1. Create a conda environment and download models

conda create -n RepVid python==3.10
conda activate RepVid
pip install -r requirements.txt


mkdir ckpt
cd ckpt
mkdir t5-v1_1-xxl
wget https://huggingface.co/THUDM/CogVideoX-2b/resolve/main/text_encoder/config.json
wget https://huggingface.co/THUDM/CogVideoX-2b/resolve/main/text_encoder/model-00001-of-00002.safetensors
wget https://huggingface.co/THUDM/CogVideoX-2b/resolve/main/text_encoder/model-00002-of-00002.safetensors
wget https://huggingface.co/THUDM/CogVideoX-2b/resolve/main/text_encoder/model.safetensors.index.json
wget https://huggingface.co/THUDM/CogVideoX-2b/resolve/main/tokenizer/added_tokens.json
wget https://huggingface.co/THUDM/CogVideoX-2b/resolve/main/tokenizer/special_tokens_map.json
wget https://huggingface.co/THUDM/CogVideoX-2b/resolve/main/tokenizer/spiece.model
wget https://huggingface.co/THUDM/CogVideoX-2b/resolve/main/tokenizer/tokenizer_config.json

cd ../
mkdir vae
wget https://cloud.tsinghua.edu.cn/f/fdba7608a49c463ba754/?dl=1
mv 'index.html?dl=1' vae.zip
unzip vae.zip

2. Download Our latest Checkpoint

git-lfs clone https://huggingface.co/Vchitect/RepVideo/tree/main
# Then modify the "load" path in "sat/configs/inference.yaml" accordingly.

Inference

cd sat
bash run.sh

BibTeX

@article{si2025RepVideo,
  title={RepVideo: Rethinking Cross-Layer Representation for Video Generation},
  author={Si, Chenyang and Fan, Weichen and Lv, Zhengyao and Huang, Ziqi and Qiao, Yu and Liu, Ziwei},
  journal={arXiv 2501.08994},
  year={2025}
}

🔑 License

This code is licensed under Apache-2.0. The framework is fully open for academic research and also allows free commercial usage.

Disclaimer

We disclaim responsibility for user-generated content.
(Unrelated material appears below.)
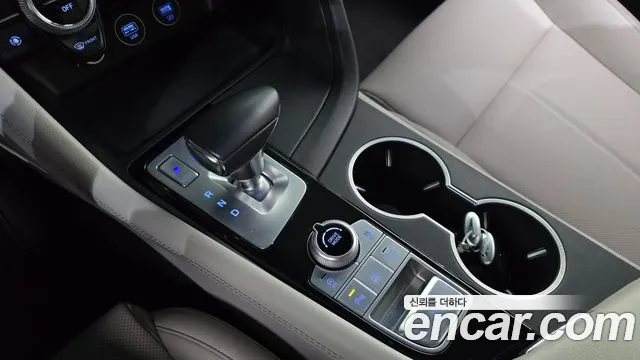 2022 Genesis The New G70 Gasoline 2.0T 2WD Sold VIN KMTG341ABNU105615 – photo 23 2022 Genesis The New G70 Gasoline 2.0T 2WD Sold VIN KMTG341ABNU105615 – photo 23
The model was not trained to realistically represent people or events, so using it to generate such content is beyond the model's capabilities. It is prohibited for pornographic, violent and bloody content generation, and to generate content that is demeaning or harmful to people or their environment, culture, religion, etc. Users are solely liable for their actions. The project contributors are not legally affiliated with, nor accountable for users' behaviors. Use the generative model responsibly, adhering to ethical and legal standards.